A patient with retractile mesenteritis is discussed, who presented with a huge 15 X 15-cm inflammatory mass involving the root of the mesentery. Gradually the patient developed duodenal obstruction for which it was necessary to perform a gastroileostomy. Because of a relentless downhill course with fever, weight loss, general malaise, and fatigue, it was finally decided to treat the patient with prednisone and azathioprine.
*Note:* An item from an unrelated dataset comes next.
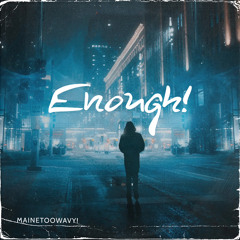 Enough!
Upon institution of this treatment there was a steady, progressive clinical amelioration with disappearance of fever, improvement in laboratory findings, and gradual regression of the lesion until it became a well-delineated hard mass that was thought to be the end stage of fibrosis. Early trial with such a treatment, once the diagnosis is firmly established, should be considered.
讨论了一名患有回缩性肠系膜炎的患者,该患者出现了一个巨大的15×15厘米的炎性肿块,累及肠系膜根部。患者逐渐出现十二指肠梗阻,因此有必要进行胃回肠吻合术。由于病情持续恶化,伴有发热、体重减轻、全身不适和疲劳,最终决定用泼尼松和硫唑嘌呤治疗该患者。开始这种治疗后,临床症状稳步、逐渐改善,发热消失,实验室检查结果改善,病变逐渐消退,直至成为一个边界清晰的硬块,被认为是纤维化的终末期。一旦确诊,应考虑尽早试用这种治疗方法。